Facebook user_id : big_int, int or string?
Because Facebook assigns the IDs, and not you, you must use BIGINTs.
Facebook does not assign the IDs sequentially, and I suspect they have some regime for assigning numbers.
I recently fixed exactly this bug, so it is a real problem.
I would make it UNSIGNED, simply because that is what it is.
I would not use a string. That makes comparisons painful and your indexes clunkier than they need to be.
You can't use INT any more. Last night I had two user ids that maxed out INT(10).
I use a bigint to store the facebook id, because that's what it is.
but internally for the primary and foreign keys of the tables, i use a smallint, because it is smaller. But also because if the bigint should ever have to become a string (to find users by username instead of id), i can easily change it.
so i have a table that looks like this:
profile
- profile_key smallint primary key
- profile_name varchar
- fb_profile_id bigint
and one that looks like this
something_else
- profile_key smallint primary key
- something_else_key smallint primary key
- something_else_name varchar
and my queries for a singe page could be something like this:
select profile_key, profile_name
from profile
where fb_profile_id = ?
now i take the profile_key and use it in the next query
select something_else_key, something_else_name
from something_else
where profile_key = ?
the profile table almost always gets queried for almost any request anyway, so i don't consider it an extra step.

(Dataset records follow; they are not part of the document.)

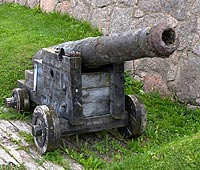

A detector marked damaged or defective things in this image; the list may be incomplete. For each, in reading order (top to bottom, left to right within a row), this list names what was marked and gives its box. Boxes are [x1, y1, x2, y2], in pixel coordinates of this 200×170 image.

rusty iron barrel [53, 22, 180, 68]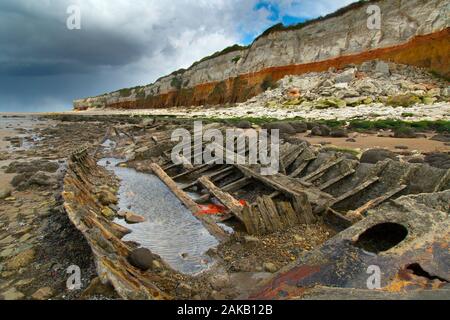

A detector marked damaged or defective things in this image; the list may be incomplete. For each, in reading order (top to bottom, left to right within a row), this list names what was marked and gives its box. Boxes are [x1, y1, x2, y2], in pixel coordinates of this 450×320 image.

orange rust stain [103, 28, 448, 111]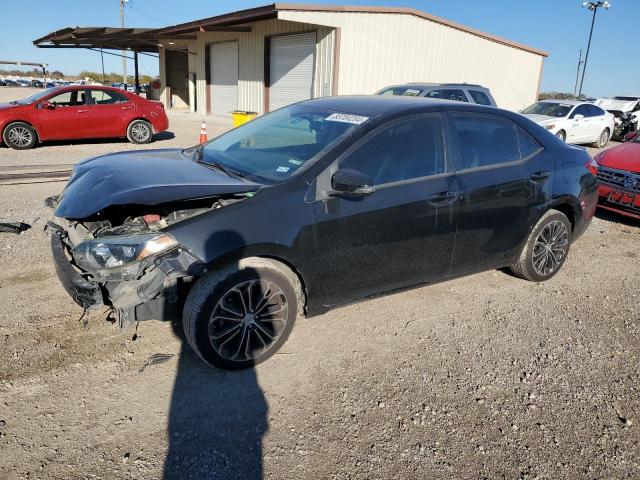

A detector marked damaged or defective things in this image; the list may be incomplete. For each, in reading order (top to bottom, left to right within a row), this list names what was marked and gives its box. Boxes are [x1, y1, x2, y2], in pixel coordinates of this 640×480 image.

crushed hood [55, 148, 260, 219]
crushed hood [596, 142, 640, 174]
exposed headlight [72, 233, 178, 272]
damaged front end [46, 195, 244, 326]
damaged black car [48, 96, 596, 368]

And ofcourse it is also quite ease to cache the first query for some extra performance.
If you are reading this in 2015 when facebook has upgraded their API to 2.0 version. They have added a note in their documentation stating that their ids would be changed and would have an app scope. So maybe there is huge possibility later in the future that they might change all the ids to Alpha numeric.
https://developers.facebook.com/docs/apps/upgrading#upgrading_v2_0_user_ids So I would suggest to keep the type to varchar and avoid any future migration pains
Your math is a little wrong... remember that the largest number you can store in N bytes is 2^(N) - 1... not 2^(N). There are 2^N possible numbers, however the largest number you can store is 1 less that.
If Facebook uses an unsigned big int, then you should use that. They probably don't assign them sequentially.
Yes, you could get away with a varchar... however it would be slower (but probably not as much as you are thinking).